::: AVAILABLE RECORDS

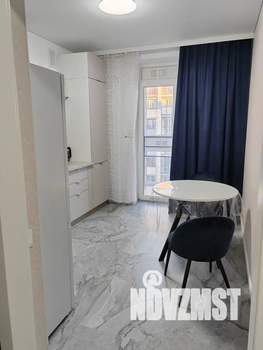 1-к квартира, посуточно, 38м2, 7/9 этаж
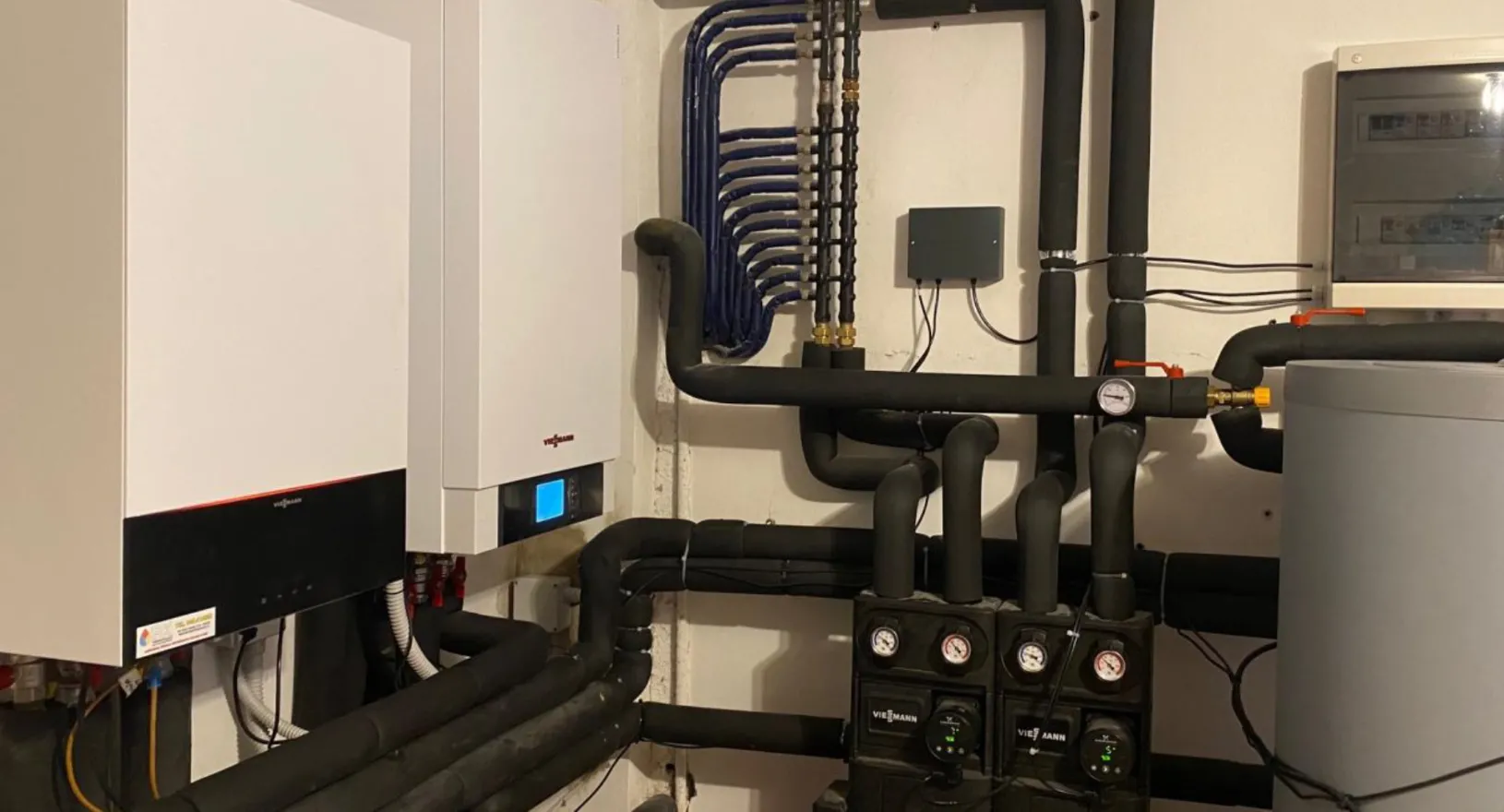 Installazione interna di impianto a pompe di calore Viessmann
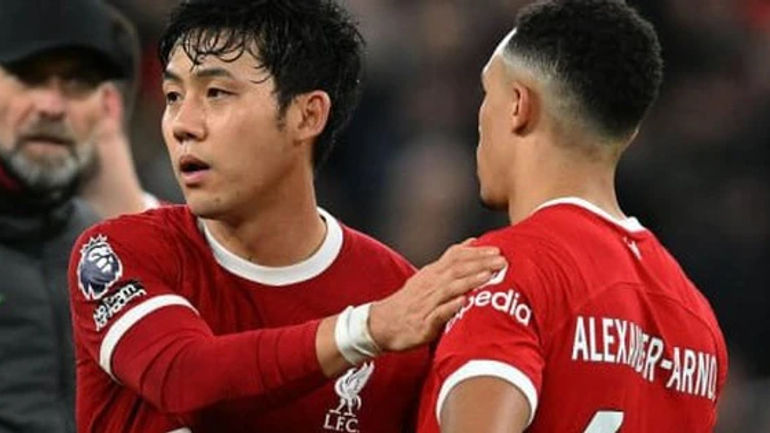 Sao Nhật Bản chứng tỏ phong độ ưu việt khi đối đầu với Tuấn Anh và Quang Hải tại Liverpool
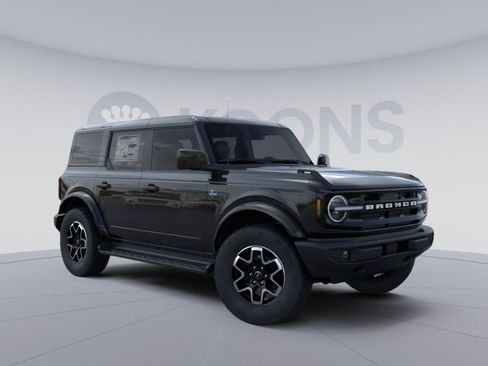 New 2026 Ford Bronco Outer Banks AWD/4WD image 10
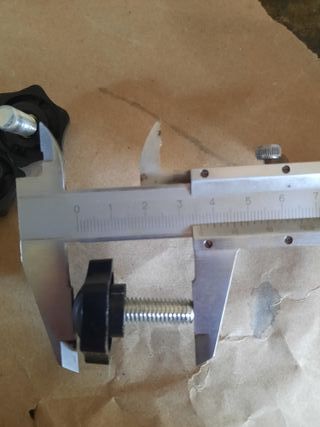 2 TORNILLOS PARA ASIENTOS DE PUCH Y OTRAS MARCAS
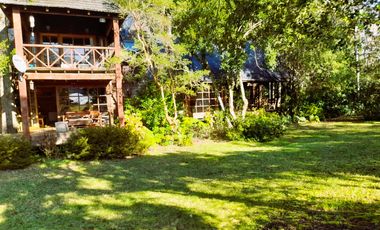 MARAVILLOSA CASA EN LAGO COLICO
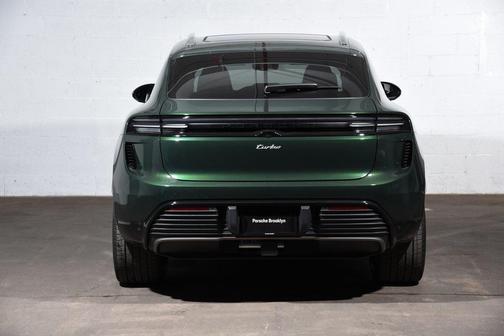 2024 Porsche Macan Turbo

::::::

Here the records must be restated exactly, minus any images.

SOLUTION FOR THIS PROBLEM:
 1-к квартира, посуточно, 38м2, 7/9 этаж
 Installazione interna di impianto a pompe di calore Viessmann
 Sao Nhật Bản chứng tỏ phong độ ưu việt khi đối đầu với Tuấn Anh và Quang Hải tại Liverpool
 New 2026 Ford Bronco Outer Banks AWD/4WD image 10
 2 TORNILLOS PARA ASIENTOS DE PUCH Y OTRAS MARCAS
 MARAVILLOSA CASA EN LAGO COLICO
 2024 Porsche Macan Turbo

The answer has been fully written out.